DATA IN THIS EXERCISE —
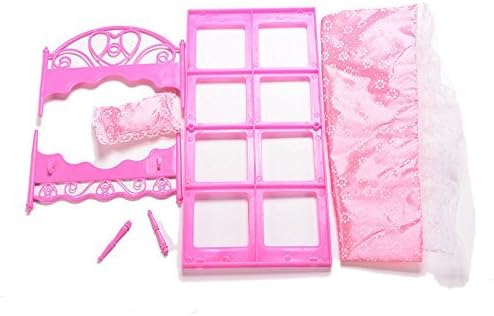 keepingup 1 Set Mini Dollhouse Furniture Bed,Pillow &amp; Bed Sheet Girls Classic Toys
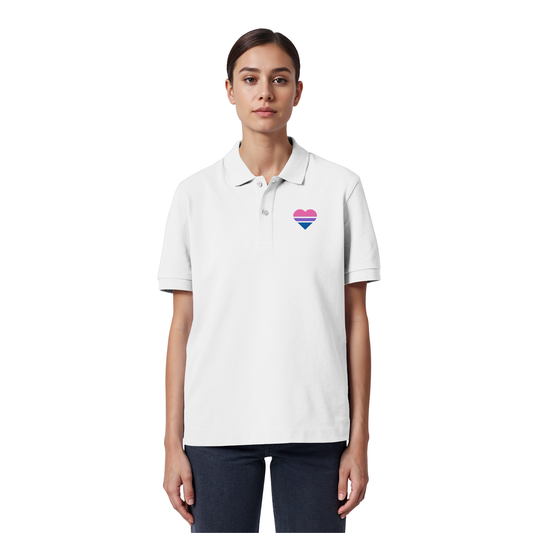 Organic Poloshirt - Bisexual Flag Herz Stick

* * *

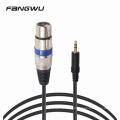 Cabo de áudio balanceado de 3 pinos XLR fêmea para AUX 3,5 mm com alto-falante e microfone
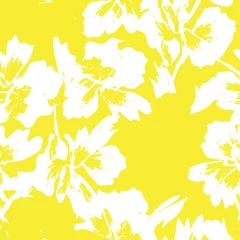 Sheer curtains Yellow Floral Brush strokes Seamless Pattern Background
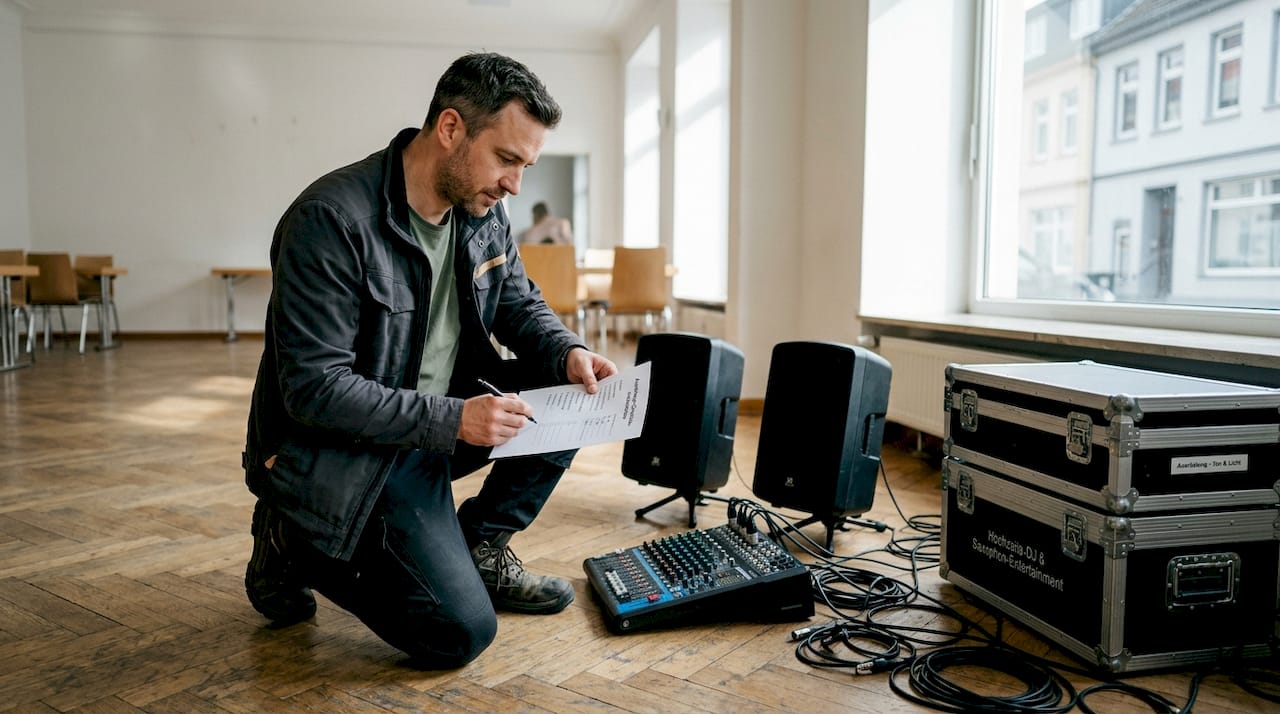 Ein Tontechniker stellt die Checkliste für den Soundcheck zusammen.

* * *

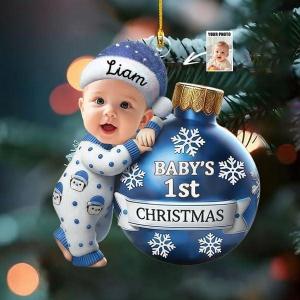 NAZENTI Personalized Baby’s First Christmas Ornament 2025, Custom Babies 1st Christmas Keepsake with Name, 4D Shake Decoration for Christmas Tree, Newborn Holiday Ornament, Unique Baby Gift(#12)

ABOUT THIS TASK — Beginning with the line above that has "Sheer curtains Yellow" and going on through the line that has "Ein Tontechniker stellt", retype every line exactly and add nothing else; drop the pictures.

SOLVED PROBLEM —
 Sheer curtains Yellow Floral Brush strokes Seamless Pattern Background
 Ein Tontechniker stellt die Checkliste für den Soundcheck zusammen.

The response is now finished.